It’s a long-standing tradition for both the Jr. Iditarod and Iditarod to honor people who have given their time, energy and talents to the race. The Jr. Iditarod salutes Linda and Dale Peterson as the honorary mushers for the 2020 race. The Petersons will be wearing bibs with the #1 for the start of the 43rd Jr. Iditarod.
Any photos of the Petersons at the Jr. Iditarod start will have to be action shots. They won’t be standing around sporting their bibs and posing for pictures. For the entire weekend, they’ll be hands on, doing what needs to be done, attending to the multiple tasks of setting up and organizing the start, finish and banquet.
Before the sun rises on Saturday, Dale will be on a tall ladder hanging the Jr. Iditarod banner to mark the starting point of the 150-mile race. Dale’s aerial work will also include hanging flags to recognize the home state and country of each Jr. musher.
Linda has embraced the Jr. Iditarod and has been a dedicated volunteer for as many years as Dale. Her contributions have generally been closer to the ground, except when flying out to help at a trail checkpoint. As part of the trail crew she’s helped with communications, cooking, clean up – whatever it takes.

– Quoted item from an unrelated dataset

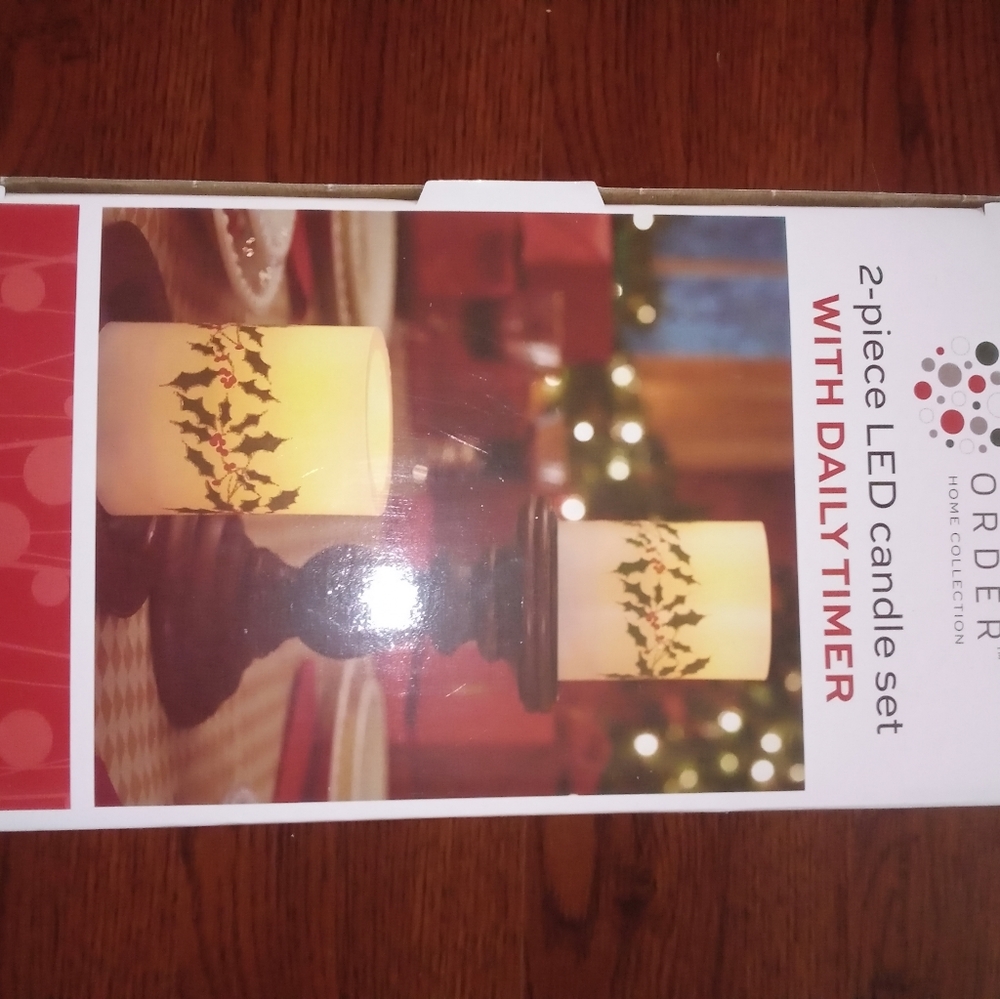 2 Piece LED Candle Set With Daily Timer - Picture 4 of 5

As soon as the mushers are heading down the trail, the Petersons will lead a team of volunteers in dismantling the start banner and transporting it north to Willow to be erected as the finish line. In addition, there’s a lot of snow fence needed to define the starting chute and they’ll give a hand with assembling and dismantling that too.
Linda gives a helping hand in making the banquet the celebration of success the young mushers so deserve. Many hands lighten the work while accumulating prizes, picking up awards and preparing the community center and prize displays for the banquet.

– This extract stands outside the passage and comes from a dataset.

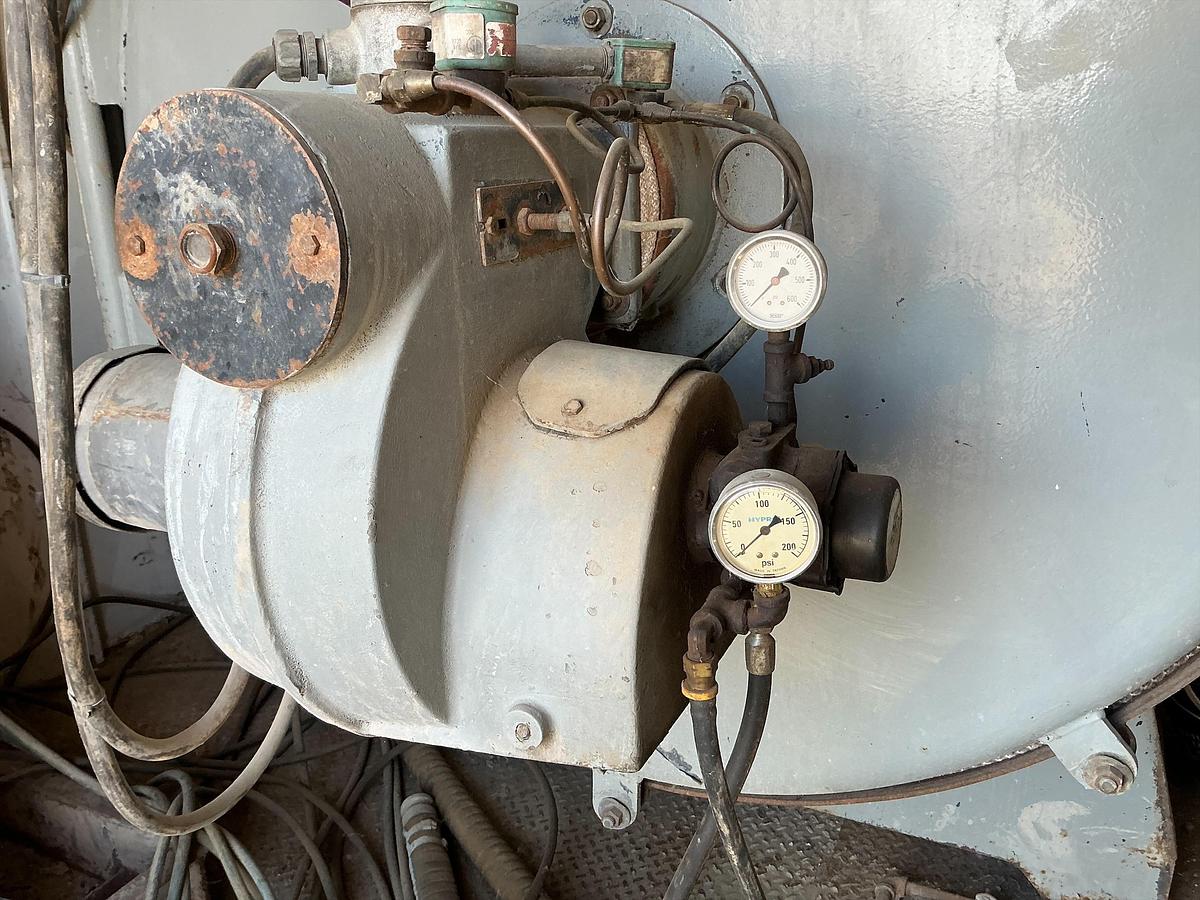 Used Regent CSH-100 4M HP Firetube Boiler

Over the years Dale has served as the Master of Ceremonies for the Finisher’s Banquet and has been a dedicated member of the Jr. Iditarod Board of Directors.
Through friends, the Petersons learned of Iditarod and the Jr. Iditarod twenty years ago and became volunteers shortly thereafter. The dogs and the mushers captured their hearts. Dale says, “The Jr. Iditarod was a revelation to us – teenage mushers caring for their dogs, developing a rigorous training program and sticking to it. These mushers are learning lessons in time management, organization and self-sufficiency that provide a foundation for success throughout their lives. Who wouldn’t want to support that program?”
Ready, willing and able is a phrase that describes the Petersons perfectly. For their tireless energy, attention to detail, good humor and other contributions that are too numerous to list, the Jr. Iditarod celebrates and thanks Dale and Linda.